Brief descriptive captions
★ ★ ★

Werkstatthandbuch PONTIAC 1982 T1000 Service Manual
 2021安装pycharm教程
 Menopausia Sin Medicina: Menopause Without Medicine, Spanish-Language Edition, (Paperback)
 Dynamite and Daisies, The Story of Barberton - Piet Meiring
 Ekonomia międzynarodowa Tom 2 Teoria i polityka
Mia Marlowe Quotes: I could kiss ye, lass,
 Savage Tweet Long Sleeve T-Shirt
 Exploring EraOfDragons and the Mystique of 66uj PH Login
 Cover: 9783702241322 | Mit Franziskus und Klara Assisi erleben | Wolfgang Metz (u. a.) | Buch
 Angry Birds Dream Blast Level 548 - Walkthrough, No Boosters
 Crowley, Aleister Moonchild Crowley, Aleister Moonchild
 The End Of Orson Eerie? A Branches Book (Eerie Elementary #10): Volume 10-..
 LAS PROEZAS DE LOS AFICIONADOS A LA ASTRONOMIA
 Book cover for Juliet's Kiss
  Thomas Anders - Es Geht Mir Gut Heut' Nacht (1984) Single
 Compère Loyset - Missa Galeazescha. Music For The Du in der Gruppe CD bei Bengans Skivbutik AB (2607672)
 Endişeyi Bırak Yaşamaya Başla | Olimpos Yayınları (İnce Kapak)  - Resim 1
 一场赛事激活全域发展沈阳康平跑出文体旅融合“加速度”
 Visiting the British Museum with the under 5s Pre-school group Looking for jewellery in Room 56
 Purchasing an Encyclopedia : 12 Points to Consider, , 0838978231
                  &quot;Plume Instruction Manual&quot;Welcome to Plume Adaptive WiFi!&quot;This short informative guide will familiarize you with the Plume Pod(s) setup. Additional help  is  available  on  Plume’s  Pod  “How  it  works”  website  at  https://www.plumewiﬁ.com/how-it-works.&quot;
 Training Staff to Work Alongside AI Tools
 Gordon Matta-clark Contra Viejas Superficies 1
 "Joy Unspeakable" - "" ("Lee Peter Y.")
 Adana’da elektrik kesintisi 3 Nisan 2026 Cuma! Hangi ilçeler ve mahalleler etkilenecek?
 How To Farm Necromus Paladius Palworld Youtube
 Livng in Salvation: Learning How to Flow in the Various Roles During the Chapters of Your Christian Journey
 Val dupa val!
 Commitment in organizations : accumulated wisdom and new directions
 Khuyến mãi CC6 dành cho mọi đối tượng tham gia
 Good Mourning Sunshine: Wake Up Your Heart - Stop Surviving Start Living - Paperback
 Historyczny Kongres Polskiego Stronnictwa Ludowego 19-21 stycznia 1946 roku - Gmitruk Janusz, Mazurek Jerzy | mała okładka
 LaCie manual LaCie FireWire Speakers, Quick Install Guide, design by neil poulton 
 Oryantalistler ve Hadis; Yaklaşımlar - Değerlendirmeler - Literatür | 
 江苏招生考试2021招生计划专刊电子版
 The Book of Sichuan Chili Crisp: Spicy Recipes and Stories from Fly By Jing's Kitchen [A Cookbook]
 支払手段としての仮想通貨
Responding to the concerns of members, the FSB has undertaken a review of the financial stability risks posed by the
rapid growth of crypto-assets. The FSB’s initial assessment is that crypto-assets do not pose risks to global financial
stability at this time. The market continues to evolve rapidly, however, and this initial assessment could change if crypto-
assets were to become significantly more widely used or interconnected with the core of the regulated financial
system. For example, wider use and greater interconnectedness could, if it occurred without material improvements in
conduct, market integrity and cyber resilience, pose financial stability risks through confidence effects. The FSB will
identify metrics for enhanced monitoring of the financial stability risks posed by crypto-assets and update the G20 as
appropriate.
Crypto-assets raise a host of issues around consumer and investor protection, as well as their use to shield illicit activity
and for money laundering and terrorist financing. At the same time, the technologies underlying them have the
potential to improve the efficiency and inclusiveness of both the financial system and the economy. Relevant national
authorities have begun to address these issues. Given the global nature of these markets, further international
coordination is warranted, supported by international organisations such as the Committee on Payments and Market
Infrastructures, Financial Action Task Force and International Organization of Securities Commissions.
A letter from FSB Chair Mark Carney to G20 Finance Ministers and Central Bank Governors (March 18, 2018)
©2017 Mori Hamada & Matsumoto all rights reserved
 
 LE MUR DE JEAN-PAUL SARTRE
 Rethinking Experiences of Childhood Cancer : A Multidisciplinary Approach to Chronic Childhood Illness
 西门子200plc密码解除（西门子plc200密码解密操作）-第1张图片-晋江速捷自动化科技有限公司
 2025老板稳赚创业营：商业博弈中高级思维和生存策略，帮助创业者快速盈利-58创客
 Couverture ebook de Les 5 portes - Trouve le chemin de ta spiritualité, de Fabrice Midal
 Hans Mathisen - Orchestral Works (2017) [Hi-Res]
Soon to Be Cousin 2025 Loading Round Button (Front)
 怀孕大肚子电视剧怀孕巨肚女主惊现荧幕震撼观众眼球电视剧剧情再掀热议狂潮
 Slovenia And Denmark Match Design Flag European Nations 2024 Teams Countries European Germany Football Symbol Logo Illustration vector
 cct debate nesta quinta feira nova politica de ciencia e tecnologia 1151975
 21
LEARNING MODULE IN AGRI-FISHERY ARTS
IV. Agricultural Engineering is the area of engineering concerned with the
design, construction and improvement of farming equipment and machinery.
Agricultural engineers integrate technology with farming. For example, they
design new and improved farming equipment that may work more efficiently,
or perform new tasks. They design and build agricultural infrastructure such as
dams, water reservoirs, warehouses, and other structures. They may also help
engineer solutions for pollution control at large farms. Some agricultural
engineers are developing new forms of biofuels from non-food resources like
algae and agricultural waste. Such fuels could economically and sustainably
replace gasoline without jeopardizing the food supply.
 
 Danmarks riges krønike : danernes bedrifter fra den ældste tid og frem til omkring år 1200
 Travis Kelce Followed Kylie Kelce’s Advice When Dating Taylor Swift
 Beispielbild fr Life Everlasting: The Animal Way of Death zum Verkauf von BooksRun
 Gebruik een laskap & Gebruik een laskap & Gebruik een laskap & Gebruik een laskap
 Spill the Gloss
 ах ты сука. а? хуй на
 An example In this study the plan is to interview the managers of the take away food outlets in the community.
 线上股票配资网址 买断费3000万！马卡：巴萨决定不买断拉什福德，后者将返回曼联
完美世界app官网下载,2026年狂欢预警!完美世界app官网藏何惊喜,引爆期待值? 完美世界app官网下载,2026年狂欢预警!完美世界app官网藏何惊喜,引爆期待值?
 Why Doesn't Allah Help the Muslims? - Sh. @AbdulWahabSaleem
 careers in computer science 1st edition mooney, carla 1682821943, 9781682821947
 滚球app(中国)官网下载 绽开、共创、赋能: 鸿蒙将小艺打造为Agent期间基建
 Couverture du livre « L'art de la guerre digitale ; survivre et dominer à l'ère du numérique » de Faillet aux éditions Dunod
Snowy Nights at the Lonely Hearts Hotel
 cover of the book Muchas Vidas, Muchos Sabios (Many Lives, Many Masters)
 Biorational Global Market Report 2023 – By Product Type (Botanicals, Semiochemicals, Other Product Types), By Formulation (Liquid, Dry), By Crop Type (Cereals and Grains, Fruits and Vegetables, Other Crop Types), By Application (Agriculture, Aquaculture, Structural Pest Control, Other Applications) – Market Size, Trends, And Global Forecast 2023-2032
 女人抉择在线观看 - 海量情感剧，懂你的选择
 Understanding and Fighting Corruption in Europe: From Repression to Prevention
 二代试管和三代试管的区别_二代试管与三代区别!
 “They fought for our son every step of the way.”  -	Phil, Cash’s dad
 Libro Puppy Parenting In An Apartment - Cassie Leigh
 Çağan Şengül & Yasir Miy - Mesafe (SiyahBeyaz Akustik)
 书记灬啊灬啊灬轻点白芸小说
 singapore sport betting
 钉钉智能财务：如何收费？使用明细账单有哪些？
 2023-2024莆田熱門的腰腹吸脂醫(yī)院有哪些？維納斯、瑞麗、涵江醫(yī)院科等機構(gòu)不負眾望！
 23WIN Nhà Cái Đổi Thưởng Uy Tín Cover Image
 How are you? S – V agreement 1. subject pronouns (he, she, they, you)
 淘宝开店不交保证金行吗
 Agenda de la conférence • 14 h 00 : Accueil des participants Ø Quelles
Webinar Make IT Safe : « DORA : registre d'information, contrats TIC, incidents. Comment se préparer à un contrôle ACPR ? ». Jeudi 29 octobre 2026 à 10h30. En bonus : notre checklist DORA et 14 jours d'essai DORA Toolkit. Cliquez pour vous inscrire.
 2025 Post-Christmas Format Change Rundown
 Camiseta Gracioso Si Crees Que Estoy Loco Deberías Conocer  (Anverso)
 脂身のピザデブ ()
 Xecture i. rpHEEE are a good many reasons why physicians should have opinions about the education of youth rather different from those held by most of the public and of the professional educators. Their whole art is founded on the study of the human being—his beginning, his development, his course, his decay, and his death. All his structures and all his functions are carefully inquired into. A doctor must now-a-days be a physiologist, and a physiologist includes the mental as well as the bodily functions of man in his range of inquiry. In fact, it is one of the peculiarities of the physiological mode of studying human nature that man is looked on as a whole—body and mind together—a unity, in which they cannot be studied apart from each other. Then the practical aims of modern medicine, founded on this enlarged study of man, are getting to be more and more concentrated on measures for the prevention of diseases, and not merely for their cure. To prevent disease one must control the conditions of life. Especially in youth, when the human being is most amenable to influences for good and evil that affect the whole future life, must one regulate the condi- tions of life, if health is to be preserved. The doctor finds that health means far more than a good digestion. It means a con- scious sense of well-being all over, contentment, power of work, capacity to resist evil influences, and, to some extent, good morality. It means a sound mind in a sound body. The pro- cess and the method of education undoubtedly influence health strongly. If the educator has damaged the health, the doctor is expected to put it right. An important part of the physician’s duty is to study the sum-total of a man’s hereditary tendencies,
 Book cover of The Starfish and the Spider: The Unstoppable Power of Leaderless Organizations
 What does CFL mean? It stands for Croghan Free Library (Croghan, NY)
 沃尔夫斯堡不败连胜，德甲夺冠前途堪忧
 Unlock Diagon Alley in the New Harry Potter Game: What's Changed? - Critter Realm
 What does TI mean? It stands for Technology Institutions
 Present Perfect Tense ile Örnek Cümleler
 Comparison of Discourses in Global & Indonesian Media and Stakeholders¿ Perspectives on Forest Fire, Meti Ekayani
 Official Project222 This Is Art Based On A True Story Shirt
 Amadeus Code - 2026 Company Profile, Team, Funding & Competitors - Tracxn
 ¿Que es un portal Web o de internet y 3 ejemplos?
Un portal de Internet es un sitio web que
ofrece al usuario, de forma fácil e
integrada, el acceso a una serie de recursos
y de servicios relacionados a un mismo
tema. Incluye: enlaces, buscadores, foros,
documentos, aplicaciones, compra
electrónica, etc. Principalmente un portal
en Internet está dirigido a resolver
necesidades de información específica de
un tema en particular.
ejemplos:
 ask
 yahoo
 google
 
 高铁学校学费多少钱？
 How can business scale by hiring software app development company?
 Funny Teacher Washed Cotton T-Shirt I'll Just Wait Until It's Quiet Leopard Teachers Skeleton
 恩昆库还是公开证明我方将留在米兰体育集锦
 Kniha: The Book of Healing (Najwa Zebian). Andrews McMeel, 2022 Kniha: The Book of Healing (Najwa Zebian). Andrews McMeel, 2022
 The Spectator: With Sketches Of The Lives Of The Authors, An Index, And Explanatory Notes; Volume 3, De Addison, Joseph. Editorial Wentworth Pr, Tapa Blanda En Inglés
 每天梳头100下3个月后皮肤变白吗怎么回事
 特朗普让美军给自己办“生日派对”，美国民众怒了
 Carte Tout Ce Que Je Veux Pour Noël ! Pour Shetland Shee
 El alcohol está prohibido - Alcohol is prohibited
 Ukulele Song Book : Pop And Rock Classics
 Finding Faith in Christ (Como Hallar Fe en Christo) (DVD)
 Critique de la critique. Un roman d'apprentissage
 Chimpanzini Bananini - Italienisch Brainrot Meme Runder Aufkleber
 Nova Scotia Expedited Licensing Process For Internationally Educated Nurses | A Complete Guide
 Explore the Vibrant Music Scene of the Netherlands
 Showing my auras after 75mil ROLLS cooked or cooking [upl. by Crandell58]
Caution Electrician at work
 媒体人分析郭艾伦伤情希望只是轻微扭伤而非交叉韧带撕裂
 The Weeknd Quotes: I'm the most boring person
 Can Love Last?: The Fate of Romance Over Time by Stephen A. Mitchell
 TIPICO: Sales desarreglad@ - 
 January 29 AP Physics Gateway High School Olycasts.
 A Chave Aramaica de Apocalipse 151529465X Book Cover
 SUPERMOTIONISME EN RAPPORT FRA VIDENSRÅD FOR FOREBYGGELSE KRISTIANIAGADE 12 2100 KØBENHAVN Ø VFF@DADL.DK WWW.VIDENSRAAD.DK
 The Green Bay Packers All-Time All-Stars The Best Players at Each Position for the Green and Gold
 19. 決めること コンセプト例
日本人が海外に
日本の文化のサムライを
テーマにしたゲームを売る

★ ★ ★

When you reach the line that contains "Instruction Manual&quot;Welcome to", stop; that line and every line before it, from the very first line of the data, should be restated word for word.

REPLY TO THE TASK =>
Werkstatthandbuch PONTIAC 1982 T1000 Service Manual
 2021安装pycharm教程
 Menopausia Sin Medicina: Menopause Without Medicine, Spanish-Language Edition, (Paperback)
 Dynamite and Daisies, The Story of Barberton - Piet Meiring
 Ekonomia międzynarodowa Tom 2 Teoria i polityka
Mia Marlowe Quotes: I could kiss ye, lass,
 Savage Tweet Long Sleeve T-Shirt
 Exploring EraOfDragons and the Mystique of 66uj PH Login
 Cover: 9783702241322 | Mit Franziskus und Klara Assisi erleben | Wolfgang Metz (u. a.) | Buch
 Angry Birds Dream Blast Level 548 - Walkthrough, No Boosters
 Crowley, Aleister Moonchild Crowley, Aleister Moonchild
 The End Of Orson Eerie? A Branches Book (Eerie Elementary #10): Volume 10-..
 LAS PROEZAS DE LOS AFICIONADOS A LA ASTRONOMIA
 Book cover for Juliet's Kiss
  Thomas Anders - Es Geht Mir Gut Heut' Nacht (1984) Single
 Compère Loyset - Missa Galeazescha. Music For The Du in der Gruppe CD bei Bengans Skivbutik AB (2607672)
 Endişeyi Bırak Yaşamaya Başla | Olimpos Yayınları (İnce Kapak)  - Resim 1
 一场赛事激活全域发展沈阳康平跑出文体旅融合“加速度”
 Visiting the British Museum with the under 5s Pre-school group Looking for jewellery in Room 56
 Purchasing an Encyclopedia : 12 Points to Consider, , 0838978231
                  &quot;Plume Instruction Manual&quot;Welcome to Plume Adaptive WiFi!&quot;This short informative guide will familiarize you with the Plume Pod(s) setup. Additional help  is  available  on  Plume’s  Pod  “How  it  works”  website  at  https://www.plumewiﬁ.com/how-it-works.&quot;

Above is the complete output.